It fell in swirling, mad, white flurries, creating the snow globe backdrop the NHL always pines for at these outdoor events.
It made for beautiful television. But it also made the snow shovellers the co-MVPs of the Winter Classic, with their forays up and down the ice every few minutes during stoppages changing the momentum of the game as much as any player on the ice.
The Big House was a mad house, for the players, the coaches and the 100,000 or so fans that braved it all in the stands – but they found a way to pull it off.
“I was watching them shovel it and you could see the piles by the time they were done there they were this high off the ice,” Toronto Maple Leafs captain Dion Phaneuf said, raising his hand waist high.
He was still wide-eyed with excitement, his lip bleeding from a high stick, after playing a key role in a 3-2 shootout win over the Detroit Red Wings, a game that will be remembered as the snowiest of hockey’s growing number of Snow Bowls.
This wasn’t attractive hockey in a literal sense, with players remarking afterward that the unshovelled snow was such a barrier to stickhandling they were skating like peewees – their heads down, watching the puck bobble and hop, their bodies exposed should an opponent come barrelling in as they would in any other game.
“It was tough to get your head up,” Leafs veteran Jay McClement said. “I’m surprised there weren’t some bigger hits out there – every time you looked down, the puck seemed to stay where it was so you had to keep it on your stick and couldn’t really push it ahead.”
On the Wings bench, head coach Mike Babcock – a veteran behind the bench in his second of these events who has learned to adapt on the fly – was watching and pleading with officials for an unscheduled shovel before one key power play.
And he turned to one of his stars, known as The Magic Man, and asked Pavel Datsyuk for a read on the situation. Their team had been peppering Leafs netminder Jonathan Bernier with shots but was trailing and failing to break through.
“He said ‘Well we’re being too careful with the puck,’ ” Babcock relayed. “But he said ‘We got to be because you’re scared to turn it over. There’s so much snow.’ ”
It was, in other words, unpredictable, unscripted chaos, mirroring some of what was happening out in the crowd. In the early going, injured fans were being carted off in makeshift ambulances one at a time through the winding, crowded concourse, and police hauled off one young belligerent in a Joffrey Lupul jersey and handcuffs.
Some had come up to seven hours beforehand and tailgated with tents and barbeques and beer, greeting the Leafs team bus with cheers when it arrived; others had been stranded for hours on the snowed-in roads and showed up well after the opening faceoff.
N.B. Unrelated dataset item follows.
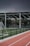 An outdoor sports facility featuring a running track and a soccer goal. The track is red, surrounded by a black metal fence, and the field is covered with artificial green turf. In the background, a basketball court is visible under a covered roof with metal supports. The sky is overcast, adding a moody atmosphere.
Almost all stayed around to brave the conditions until the final horn, three and a half hours after it started, standing and cheering – with one half of Michigan Stadium painted red with Wings jerseys and the other half Blue with Leafs ones – as Toronto centre Tyler Bozak became the hero by snapping the shootout winner past Detroit goalie Jimmy Howard.
The game’s four goals in regulation weren’t all bad, as can be the case in these games. James van Riemsdyk deftly batted a puck out of midair on the Leafs first; Justin Abdelkader tied things for Detroit late in the third after a terrific pass from the corner by teammate Brendan Smith.
But the strategy all along was primarily to shoot when possible, something both the skaters and goaltenders game planned for when it came to the skills competition.
Knowing a deke was likely to fail, Jonathan Bernier came way out of his net to cut down the angle.
Knowing a deke was difficult, Lupul and Bozak both picked holes in Howard, shot and scored.
“I didn’t really want the puck on the ice,” Bozak said. “I didn’t want to have to deal with that.”
No one was really complaining about the conditions, least of all a 27-year-old pro athlete from Regina. Even the most cynical present on Wednesday were sporting smiles by the end, with the Wings saying they loved the experience, and being part of hockey history, even in defeat.
Afterwards, Babcock took the podium and called it a “home run for hockey” – an odd turn of phrase given he had spent the day standing in a football stadium, but apt given all that could have gone wrong.
Other than the horrific roadways, which even held up the two teams getting to and from the game, very little did.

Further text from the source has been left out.